Fund managers at Lombard Odier Investment Managers badly underestimated the success of established technology firms on the stock exchange. The bank's bosses had to call in a fund giant to help out, research by finews.asia showed.

Two fund managers at Lombard Odier in Geneva, Switzerland had a plan. They wanted to use LO Funds-Technology fund to profit from the rising valuations of relatively new technology firms.

Their bet: the start-ups would beat established IT-giants such as Google or Apple on the stock exchange, helping their portfolio outperform the market.

Their decision did not work out as Lombard Odier Investment Managers, the asset manager of the bank, told finews.ch. «The focus of the fund on new technologies had a tough time in a situation when established giants outperformed,» the company said.

Fidelity International to Help Out

Lombard Odier Investment Managers decided to act. It called Fidelity International for help. The asset manager, which has a distribution network in Switzerland, is an active manager and renowned as an astute analyst of technology firms.

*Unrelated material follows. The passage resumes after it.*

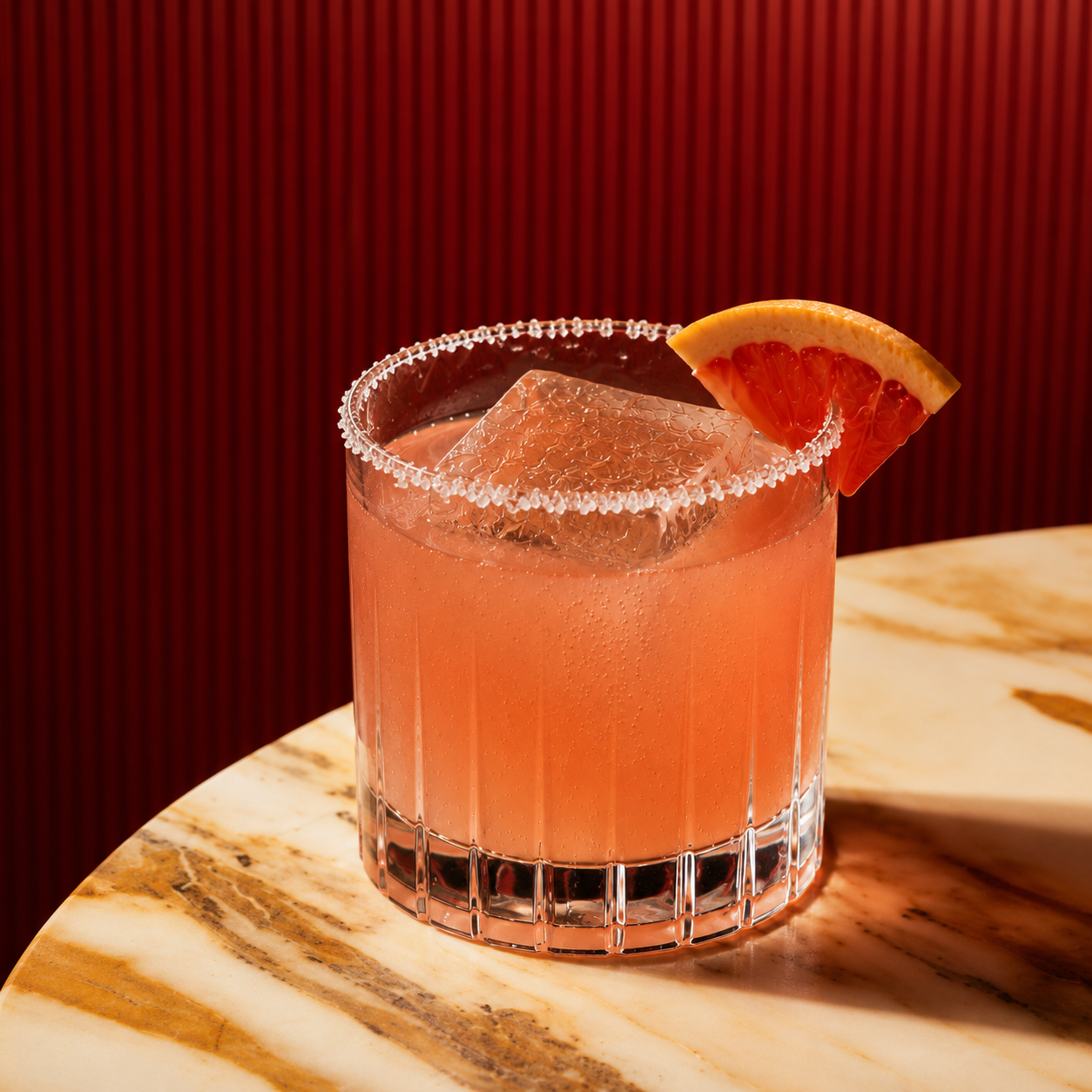 A pink mezcal cocktail, called paloma mezcal, in a clear glass with a large ice cube, garnished with a slice of grapefruit.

Fidelity is now mandated to provide research and investment advice at the LO-Technology fund. The investment decisions remain in the hands of the Geneva-based bank.

«The decision will strengthen the fund and ensure that it will be able to continue to satisfy the expectations of customers,» Lombard Odier Investment Managers said. The portfolio is worth $204 million.

Speculation About More to Come

The cooperation has led to a flurry of speculation in the industry, because Fidelity is known as a force of consolidation in the fund industry. So far however there are no signs that the cooperation between the private bank and the fund giant is the beginning of a deeper connection.